Originally I wrote this with nested if statements, then changed it to binary multiplication, for fewer lines of code, at the expense of readability.

This puzzle is set up to catch you out. From seeing nop +0 in the example data you might be tempted to assume that adding the value on nop instructions won’t affect the accumulator. But the test input data have some non-zero nop values thrown in, that you will surely encounter:

head(subset(input, instr == 'nop' & value != 0 & visited > 0))

    instr value visited
2     nop   631       1
11    nop    83       2
71    nop   168       1
73    nop   151       1
96    nop   -25       1
123   nop    -9       1

Thus you must only jump or add to the accumulator on instructions that are explicitly jmp or acc, respectively.

Corrupted code

From part 1, we already have an algorithm for finding the first instruction that will lead into an infinite loop. Instead of terminating at this point, we can assume that last instruction was corrupted, swap it for the other type, then continue until we find another such corruption, all the way until the program is able to terminate on its own.

That was the idea, anyway. Then I got fed up and decided to brute force it, instead. Maybe there is a subtler way, but this appears to work quickly enough. One thing worth noting is that you only need to look at those indices already visited in part 1.

nops_and_jmps <- which(input$instr != 'acc' & input$visited)

brute_force <- function() {
  for (nj in nops_and_jmps) {
    modified <- input
    modified$instr[nj] <- setdiff(c('nop', 'jmp'), input$instr[nj])
    
    acc <- modified$visited <- 0
    i <- 1
    repeat {
      
      if (i == nrow(input) + 1)
        return(acc)
      
      modified$visited[i] <- modified$visited[i] + 1
      
      if ( any(modified$visited > 1) )
        break
      
      acc <- acc + modified$value[i] * (modified$instr[i] == 'acc')
      i <- i + (modified$instr[i] == 'jmp') * (modified$value[i]  - 1) + 1
    }
  }
}

brute_force()

[1] 1543

Day 9 - Encoding error

Adding pairs

Here the question is how to calculate the sums of pairs of values in a sliding window, ideally without redundantly computing the same sums more than once.

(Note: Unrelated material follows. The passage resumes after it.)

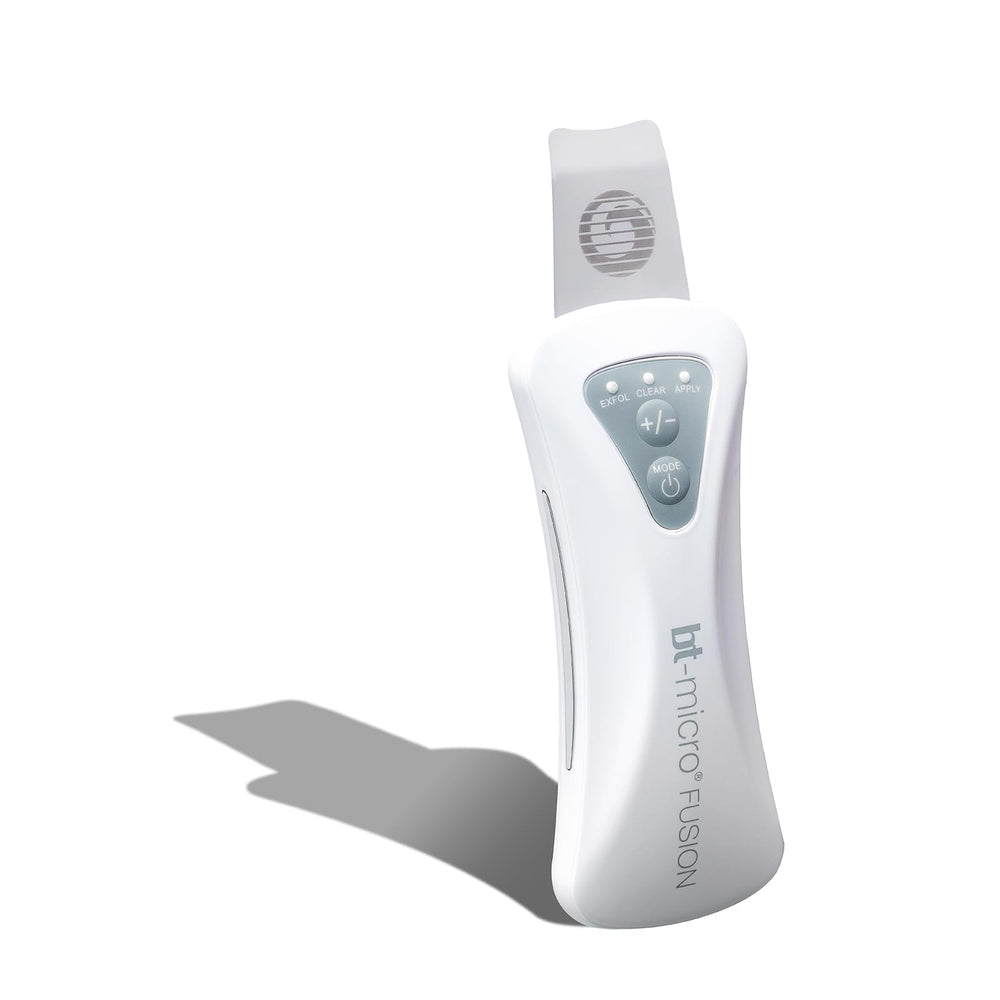 Bio-Therapeutic bt-Micro Fusion front view showing compact design and benefit portable care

find_error <- function(series, N = 25) {
  preamble <- head(series, N)
  t(combn(preamble, 2)) ->.; addmargins(., 2) ->.; as.data.frame(.) -> pairs
  for (x in tail(series, -N)) {
    if (!x %in% pairs$Sum)
      return(x)

    pairs <- subset(pairs, V1 != preamble[1] & V2 != preamble[1])
    pairs <- rbind(pairs, data.frame(V1 = x,
                                     V2 = preamble[-1],
                                     Sum = x + preamble[-1]))
    preamble <- c(preamble[-1], x)
  }
}

John Mount recently pointed out that there is already a ‘pipe’ of sorts in base R, which you can construct using an operator of the form ->.;. I use it on the second line of this function just because converting combn output into a long data frame format is a bit verbose.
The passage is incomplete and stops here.